On Mean Earth, all kinds of previously durable infrastructure can be undermined or undone. This includes train tracks and computer servers, but also cultural infrastructure: the unexamined things we do a certain way because we’ve always done them this way, that’s why. Consequently, the predicament of that trombonist in his woolen clothes feels increasingly familiar.

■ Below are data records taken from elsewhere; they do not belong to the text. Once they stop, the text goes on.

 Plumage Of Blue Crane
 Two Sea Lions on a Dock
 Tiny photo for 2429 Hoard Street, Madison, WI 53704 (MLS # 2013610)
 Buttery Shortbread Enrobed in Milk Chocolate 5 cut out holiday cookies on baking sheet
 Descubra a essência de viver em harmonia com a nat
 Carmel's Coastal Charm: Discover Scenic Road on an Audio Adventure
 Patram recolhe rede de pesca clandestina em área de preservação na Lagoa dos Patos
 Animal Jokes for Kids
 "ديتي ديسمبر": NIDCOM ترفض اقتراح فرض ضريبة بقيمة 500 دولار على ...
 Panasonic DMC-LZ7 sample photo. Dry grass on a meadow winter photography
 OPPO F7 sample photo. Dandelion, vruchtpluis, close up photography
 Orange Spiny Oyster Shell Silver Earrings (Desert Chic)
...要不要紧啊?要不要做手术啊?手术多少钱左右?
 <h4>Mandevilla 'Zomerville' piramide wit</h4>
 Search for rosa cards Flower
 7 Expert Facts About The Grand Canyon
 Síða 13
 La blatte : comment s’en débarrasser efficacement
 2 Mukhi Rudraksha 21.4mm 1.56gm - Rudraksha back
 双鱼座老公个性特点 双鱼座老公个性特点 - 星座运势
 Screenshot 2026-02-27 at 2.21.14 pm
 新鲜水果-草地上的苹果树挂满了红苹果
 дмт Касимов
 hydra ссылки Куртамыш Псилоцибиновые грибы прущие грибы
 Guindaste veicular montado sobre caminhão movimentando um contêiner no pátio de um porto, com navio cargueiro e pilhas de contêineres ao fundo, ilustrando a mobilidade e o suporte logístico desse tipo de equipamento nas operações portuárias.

Kids sent to sleepaway camps where it’s too hot, or too smoky, to do much outdoors; vacationers on beaches littered with dead fish after a colossal algae bloom; homeowners rebuilding after their second wildfire or flood — all are re-enacting rituals that are slipping out of phase with their environments and thus being drained of their joy and logic.

That frenetic scene at the British parade — the uniforms, the stretchers, the scurrying, the chaos, the dignified persistence of everyone to face forward and persevere — reminded me of a war movie, with medics speedily extracting the wounded from trenches during an assault. Prince William later issued a statement which framed the incident in just that way: “Difficult conditions but you all did a really good job.” His men had withstood the attack.

But is the job now to defend our lifestyles against the climate? Or is it to reinvent them? Undoubtedly both, though we seem stubbornly predisposed to the first approach — soldiering on in our old, wrong clothes. While the clip of that fainting trombonist brings to mind all the admirable bromides about grit and resilience, it also made me think of Einstein’s remark that doing the same thing over and over again and expecting a different result is the definition of insanity. And there’s a much less lofty, more common-sensical way of thinking about it too: If it’s hot out, take off your giant fur hat.

All of us may find ourselves clinging to habits that, here on Mean Earth, are losing their usefulness and power. But imagine what it would feel like: the weight of the bearskin lifting, the heat beginning to vent freely from the dome of the head. It would still be hot — abominably hot — but at least you’d be standing unencumbered in this world, as it is.